A good example of the way in which processes of framing are encoded in translation is discussed in Behl (2002). The frame in question is that of‘revelation’in the context of religious traditions. Behl tells us that the seventeenth-century Zoroastrian ethnographer Mubad Shah demonstrated the importance of this frame in his Dabistan-i Mazahib (School of Religious Faiths), in which he divided and ranked religious sects largely according to whether their religion is revealed or nonrevealed. As Behl explains, one of the main ways in which the Islamic community then came to distinguish itself from the Hindus is by pointing out that the latter had no revealed book, that‘they had not received divine revelation (wahi) from heaven’(2002: 91). The frame was thus set for any subsequent dialogue with the Hindus:‘We have the truth because it came down from heaven and is present in the form of a book; therefore, in order to prove that they have a truth and it is the same truth, we must prove that a similar condition obtains among the Hindus’ (2002:91–2). The main task for any translator, such as Prince Dara Shikoh (1615–1659), who wanted to effect a dialogue between the two communities was therefore to demonstrate that the Hindus too had heavenly books that expressed the same mystical truth. In other words, Prince Shikoh had to actively frame Hindu religious texts as‘heavenly’and‘revealed’. Of all the other frames within which this dialogue could have been contextualized, that of ‘revelation’ was deemed the most effective.

Translation may be seen as a frame in its own right, whether in its literal or metaphorical sense. Draper uses translation as a metaphor in his discussion of rhetorical strategies used to frame political violence since September 2001:

the United States has justified its post-September 11 actions by translating all original violence, that is the many and diverse forms of violence it does not support, into the target language of 'terrorism,' and has consequently encouraged other major global powers such as Russia and India to translate violent opposition similarly. Such a mode of translation involves a transmission of the pure instance of violence into the discourse of terrorism.
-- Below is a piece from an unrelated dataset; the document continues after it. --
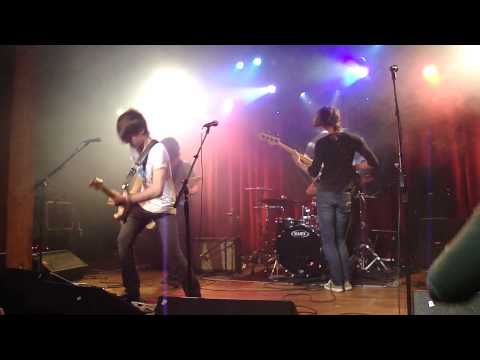 Tyler Bryant Band - Coming Back To Me - 12/14/09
This transmission is always accompanied by the work of forgetting and elision of the historical context of the violence in order to evacuate it of all meaning. Translating a violent act as terrorism thus reifies the act as a commodity of pure negativity, a commodity which can then be inscribed with whatever moral or political connotations the translator deems expedient. Such a translation can thus be effectively marketed to domestic and international audiences. The global translatability of the Terror discourse can be seen from the remarkable popularity of the notion of terrorism demonstrated not only by the countries allied with the United States but even by its most intractable enemies. (Draper 2002)


In other words, terror is deliberately exploited as – or ‘translated into’ – what we might call a ‘master frame’ to streamline the narratives of US political opponents and divest them of all historicity as well as potentially understandable, if not justifiable, motivation.

Translation may also be treated as a frame in a less metaphoric sense. In his discussion of performance vs. literal communication, both of which he regards as interpretive frames that guide the way we make sense of messages, Bauman (2001: 168) goes on to list an additional number of such interpretive frames. This list includes‘translation, in which the words spoken are to be interpreted as the equivalent of words originally spoken in another language or code’.